**REQUIRED ACTION**
Transcribe, without alteration, only the lines from the one containing "Modern Gold Staggered" through the last line of the material, both ends included.

======

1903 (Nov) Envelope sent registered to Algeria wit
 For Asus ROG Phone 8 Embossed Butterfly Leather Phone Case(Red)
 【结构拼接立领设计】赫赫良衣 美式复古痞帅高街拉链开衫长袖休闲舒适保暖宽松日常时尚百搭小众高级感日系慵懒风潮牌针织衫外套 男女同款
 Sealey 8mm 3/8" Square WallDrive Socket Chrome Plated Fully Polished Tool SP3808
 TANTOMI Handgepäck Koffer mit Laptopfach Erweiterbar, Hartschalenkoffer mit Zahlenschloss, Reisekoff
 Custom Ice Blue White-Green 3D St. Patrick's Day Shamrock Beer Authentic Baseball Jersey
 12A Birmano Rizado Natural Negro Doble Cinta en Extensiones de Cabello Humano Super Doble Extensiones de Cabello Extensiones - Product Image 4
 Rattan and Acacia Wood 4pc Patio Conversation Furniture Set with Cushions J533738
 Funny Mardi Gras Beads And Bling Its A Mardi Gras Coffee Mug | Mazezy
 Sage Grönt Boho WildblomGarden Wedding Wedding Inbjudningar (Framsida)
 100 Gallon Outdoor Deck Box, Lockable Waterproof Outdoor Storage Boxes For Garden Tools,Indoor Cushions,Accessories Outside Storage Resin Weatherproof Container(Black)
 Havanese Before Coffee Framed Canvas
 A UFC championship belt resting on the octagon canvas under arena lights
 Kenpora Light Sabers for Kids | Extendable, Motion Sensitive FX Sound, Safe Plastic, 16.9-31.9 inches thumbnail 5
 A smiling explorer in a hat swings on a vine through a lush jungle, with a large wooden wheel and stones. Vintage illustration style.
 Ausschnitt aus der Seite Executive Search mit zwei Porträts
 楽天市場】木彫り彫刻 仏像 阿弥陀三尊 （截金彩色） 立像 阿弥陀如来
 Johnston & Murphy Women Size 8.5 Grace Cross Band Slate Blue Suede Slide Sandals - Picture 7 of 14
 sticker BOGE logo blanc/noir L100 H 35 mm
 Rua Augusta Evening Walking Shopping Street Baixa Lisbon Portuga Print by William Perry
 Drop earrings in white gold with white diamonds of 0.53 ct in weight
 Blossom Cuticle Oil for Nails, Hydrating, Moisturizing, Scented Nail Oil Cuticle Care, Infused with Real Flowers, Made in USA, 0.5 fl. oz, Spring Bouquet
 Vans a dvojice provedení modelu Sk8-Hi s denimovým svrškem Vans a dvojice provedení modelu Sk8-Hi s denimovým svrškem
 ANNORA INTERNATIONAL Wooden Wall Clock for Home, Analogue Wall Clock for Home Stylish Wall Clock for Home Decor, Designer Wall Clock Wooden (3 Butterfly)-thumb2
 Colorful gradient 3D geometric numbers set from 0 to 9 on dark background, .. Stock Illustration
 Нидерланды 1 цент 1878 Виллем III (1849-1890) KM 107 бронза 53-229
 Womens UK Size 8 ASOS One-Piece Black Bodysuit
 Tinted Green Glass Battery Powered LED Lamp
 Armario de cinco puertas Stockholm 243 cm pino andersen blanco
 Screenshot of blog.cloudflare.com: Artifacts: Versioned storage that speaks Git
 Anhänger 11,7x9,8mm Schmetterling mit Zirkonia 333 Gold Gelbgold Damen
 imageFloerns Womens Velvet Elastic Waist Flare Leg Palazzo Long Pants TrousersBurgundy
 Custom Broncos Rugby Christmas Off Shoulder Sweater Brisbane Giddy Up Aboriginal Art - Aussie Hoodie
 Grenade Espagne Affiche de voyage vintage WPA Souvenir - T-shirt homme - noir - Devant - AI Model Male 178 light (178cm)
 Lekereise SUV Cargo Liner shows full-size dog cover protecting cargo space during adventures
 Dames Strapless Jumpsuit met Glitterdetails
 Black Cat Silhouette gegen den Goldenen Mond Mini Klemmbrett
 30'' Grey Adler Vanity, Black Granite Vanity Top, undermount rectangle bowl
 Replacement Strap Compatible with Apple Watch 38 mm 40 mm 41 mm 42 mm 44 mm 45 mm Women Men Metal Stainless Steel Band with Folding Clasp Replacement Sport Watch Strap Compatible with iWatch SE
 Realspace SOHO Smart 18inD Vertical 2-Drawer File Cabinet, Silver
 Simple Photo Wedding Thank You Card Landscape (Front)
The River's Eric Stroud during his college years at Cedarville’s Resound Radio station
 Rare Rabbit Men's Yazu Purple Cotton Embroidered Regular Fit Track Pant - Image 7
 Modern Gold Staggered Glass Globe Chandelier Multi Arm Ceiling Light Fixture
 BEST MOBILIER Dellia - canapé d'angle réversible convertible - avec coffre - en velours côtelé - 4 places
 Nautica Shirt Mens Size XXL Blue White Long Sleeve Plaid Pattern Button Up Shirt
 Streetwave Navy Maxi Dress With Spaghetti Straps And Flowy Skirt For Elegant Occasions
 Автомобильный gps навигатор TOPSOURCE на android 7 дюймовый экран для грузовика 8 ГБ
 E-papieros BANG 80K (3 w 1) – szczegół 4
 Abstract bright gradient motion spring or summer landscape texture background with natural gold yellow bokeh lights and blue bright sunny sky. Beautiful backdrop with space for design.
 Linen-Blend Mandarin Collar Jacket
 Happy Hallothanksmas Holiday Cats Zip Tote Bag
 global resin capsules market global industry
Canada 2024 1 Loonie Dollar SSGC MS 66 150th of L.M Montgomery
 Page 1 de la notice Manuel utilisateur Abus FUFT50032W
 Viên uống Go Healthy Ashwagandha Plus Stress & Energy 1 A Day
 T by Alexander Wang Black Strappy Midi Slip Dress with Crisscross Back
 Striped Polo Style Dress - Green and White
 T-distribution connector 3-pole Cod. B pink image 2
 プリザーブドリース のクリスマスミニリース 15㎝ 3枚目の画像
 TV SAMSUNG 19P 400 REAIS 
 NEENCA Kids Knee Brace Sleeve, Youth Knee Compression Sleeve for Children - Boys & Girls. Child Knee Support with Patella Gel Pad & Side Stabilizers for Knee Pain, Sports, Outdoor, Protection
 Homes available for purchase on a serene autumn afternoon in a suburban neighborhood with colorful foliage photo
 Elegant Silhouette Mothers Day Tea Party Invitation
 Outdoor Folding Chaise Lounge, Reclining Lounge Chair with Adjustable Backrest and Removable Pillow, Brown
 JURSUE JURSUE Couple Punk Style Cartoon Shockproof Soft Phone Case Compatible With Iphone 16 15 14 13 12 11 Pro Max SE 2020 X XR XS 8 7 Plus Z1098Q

======

**SOLUTION TO THIS PROBLEM**
 Modern Gold Staggered Glass Globe Chandelier Multi Arm Ceiling Light Fixture
 BEST MOBILIER Dellia - canapé d'angle réversible convertible - avec coffre - en velours côtelé - 4 places
 Nautica Shirt Mens Size XXL Blue White Long Sleeve Plaid Pattern Button Up Shirt
 Streetwave Navy Maxi Dress With Spaghetti Straps And Flowy Skirt For Elegant Occasions
 Автомобильный gps навигатор TOPSOURCE на android 7 дюймовый экран для грузовика 8 ГБ
 E-papieros BANG 80K (3 w 1) – szczegół 4
 Abstract bright gradient motion spring or summer landscape texture background with natural gold yellow bokeh lights and blue bright sunny sky. Beautiful backdrop with space for design.
 Linen-Blend Mandarin Collar Jacket
 Happy Hallothanksmas Holiday Cats Zip Tote Bag
 global resin capsules market global industry
Canada 2024 1 Loonie Dollar SSGC MS 66 150th of L.M Montgomery
 Page 1 de la notice Manuel utilisateur Abus FUFT50032W
 Viên uống Go Healthy Ashwagandha Plus Stress & Energy 1 A Day
 T by Alexander Wang Black Strappy Midi Slip Dress with Crisscross Back
 Striped Polo Style Dress - Green and White
 T-distribution connector 3-pole Cod. B pink image 2
 プリザーブドリース のクリスマスミニリース 15㎝ 3枚目の画像
 TV SAMSUNG 19P 400 REAIS 
 NEENCA Kids Knee Brace Sleeve, Youth Knee Compression Sleeve for Children - Boys & Girls. Child Knee Support with Patella Gel Pad & Side Stabilizers for Knee Pain, Sports, Outdoor, Protection
 Homes available for purchase on a serene autumn afternoon in a suburban neighborhood with colorful foliage photo
 Elegant Silhouette Mothers Day Tea Party Invitation
 Outdoor Folding Chaise Lounge, Reclining Lounge Chair with Adjustable Backrest and Removable Pillow, Brown
 JURSUE JURSUE Couple Punk Style Cartoon Shockproof Soft Phone Case Compatible With Iphone 16 15 14 13 12 11 Pro Max SE 2020 X XR XS 8 7 Plus Z1098Q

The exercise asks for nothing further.